Satcom Direct Aircraft Easy Antennas set to debut

Satcom Direct is preparing to release its first two Plane Simple satellite communication antennas this year, which will provide lower cost, high speed connectivity options for a larger number of airframes. The SD Plane Simple Ku antenna, scheduled for launch in June, will provide connectivity through Intelsat’s broadband Ku-band satellite service. In the meantime, the SD Plane Simple Certus LEO antenna, which will be available in the fourth quarter, will access Iridium’s new LEO L-band constellation (Next Low Earth Orbit) and its high-speed Certus service. Chris Moore, President of Satcom Direct, called the couple “exciting milestone products”.

Iridium, a long-time authorized service reseller of its Satcom services, appointed Satcom Direct, based in Florida, an authorized hardware OEM two years ago. Satcom Direct introduced the Plane Simple range of modular, agnostic antennas with open architecture in February 2020. This and the upcoming tarpaulin Simple antennas consist of two interchangeable line units, including the SDR Gateway 2.0 router, which integrates the modem, and the antenna. As the name of the portfolio suggests, the products are designed to be easy on board and reduce the associated costs. “We were conscious of minimizing the invasiveness of installations,” said Moore.

Additional approvals for model certificates for a variety of aircraft are in development for both systems and will be available upon product release.

The Certus LEO antenna will be among the first connectivity options to provide access to Iridium’s Next LEO constellation and provide high-speed connectivity on-board airframes from single and larger turboprop aircraft. The small form factor antenna mounted on the fuselage will also be the first Certus high gain antenna, offering a more focused beam and better connectivity than low gain antennas. The antenna meets the performance requirements of Iridium for class H2 systems and supports the highest current and future Certus data rates.

The new digital and high-frequency module with an Iridium core, the Certus 9810 transceiver, delivers a maximum speed of 704 kbit / s, about ten times the speed of classic Iridium, and supports HD video streaming and other bandwidth-intensive applications. With Satcom Direct’s acceleration tools, it will be “more than a megabit per second,” said Moore.

LEO constellations offer several advantages over geostationary satellite connectivity. The satellites orbit the earth around 45 times closer and have a correspondingly lower latency or delay time in bidirectional traffic. Their proximity allows for smaller and lighter antenna prints that reduce power consumption and drag. and they are less prone to terrestrial weather disturbance. Coverage is also better in polar regions with higher latitude.
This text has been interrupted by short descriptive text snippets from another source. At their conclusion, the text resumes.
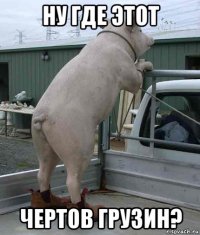 ну где этот чертов грузин?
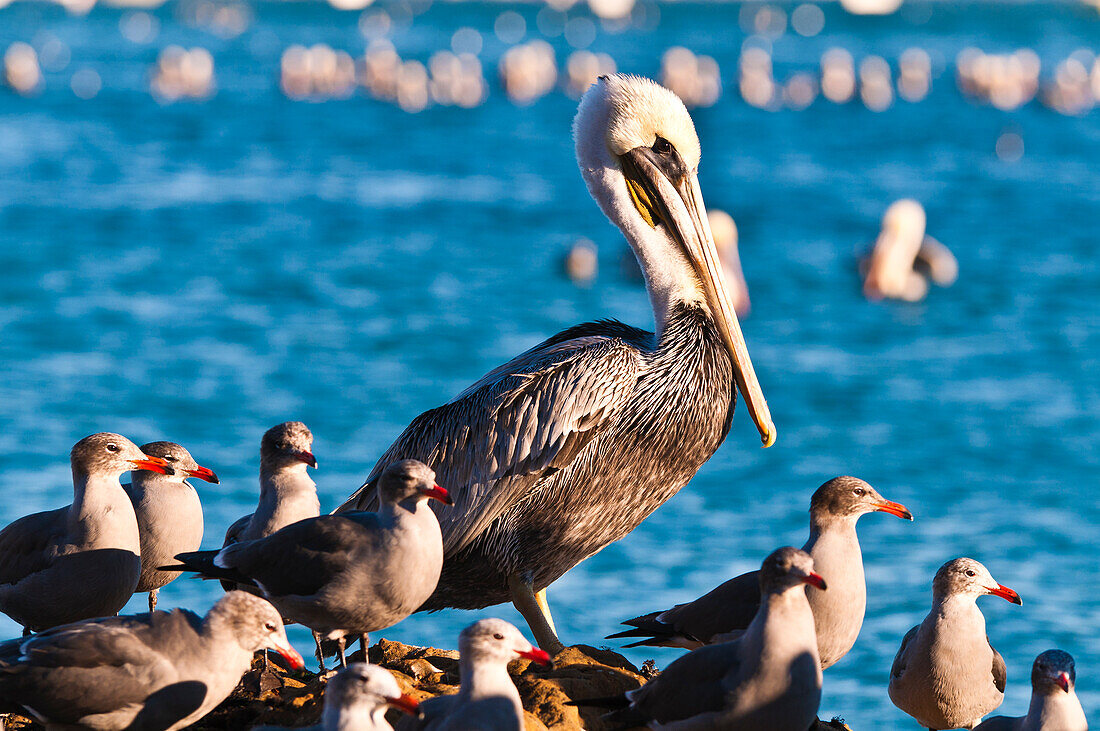 California brown pelicans (Pelecanus occidentalis), Avila Beach, California, USA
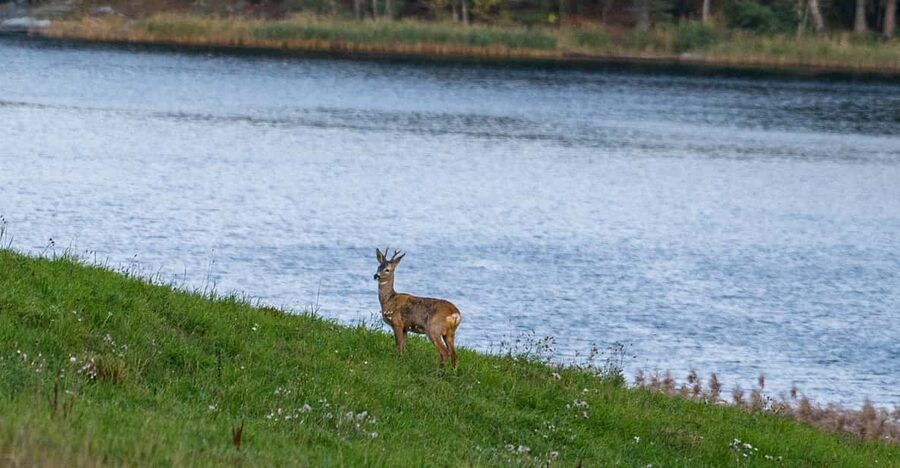 Stockholm: Wildlife Tour With Dinner and Short Hike - Moose, deer, beavers, birds of prey, and the wildlife you can expect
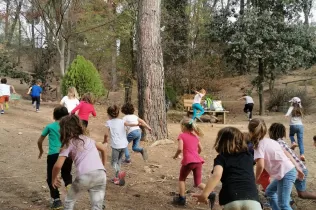 Alumnes de 1r de primària en una sessió de bosc del projecte Claver Ntura al bosc de l'escola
Satcom Direct is headquartered in Melbourne, Florida.

Satcom Direct also sees a market for the Certus service as a backup of the cabin system or for dedicated cockpit connectivity on board larger platforms that are equipped with Ka-band systems, or for aircraft that operate at higher latitudes where a geostationary Coverage is unreliable or unavailable. Hardware and service plan pricing for the Certus service has yet to be announced, but Satcom Direct, both as an authorized hardware OEM and a value-added service reseller, will be able to offer attractive turnkey packages, Moore said.

The Plane Simple Ku antenna, designed for medium and larger business jets, also provides access to the Intelsat FlexExec Ku-band broadband network. In cooperation with the German aviation antenna specialist QEST (Quantum Electronic Systems), Satcom Direct developed the electronically controlled 12-inch rear antenna with phased array.

Ku operates in a lower frequency range and doesn’t offer as much bandwidth as Ka-band systems, which are currently the “gold standard for onboard connectivity,” said Moore. However, Satcom Direct sees “a niche in the market for customers with a GIV or a global who may have had difficulty justifying the higher installation and service costs of Ka-Band.”

Combined with the SD Pro platform and connectivity management tools, aircraft with Ka-band connectivity could use an additional Ku service to manage data loads, e.g. B. to automatically shift the data communication requirements of several passengers with low latency to the Ku constellation as required. For those interested in secure communications and data integrity, Satcom Direct’s Comsat division, which handles its military and government services, is the exclusive Satcom service provider for the Air Force Space Command’s Enhanced Mobile Satellite Services program.

The Ku service could also serve as a portal for a number of Internet of Things-based services, which Satcom Direct can customize for larger customers, according to Moore.

While MROs will obviously have a say in installation costs, Satcom Direct is targeting “under $ 400,000 installation,” including hardware for Plane Simple Ku antenna systems, Moore said. Satcom Direct is the exclusive provider of the new antenna and should begin flight testing the Ku installation on its Gulfstream jet at the end of February.

Satcom Direct is also working with QEST on its upcoming Plane Simple Ka TMA for medium to large cabin jets (scheduled to enter service in the fourth quarter of 2022) and the fuselage-mounted Plane Simple Flat Panel phased array antenna for light and larger jets (for Service entry around 2023).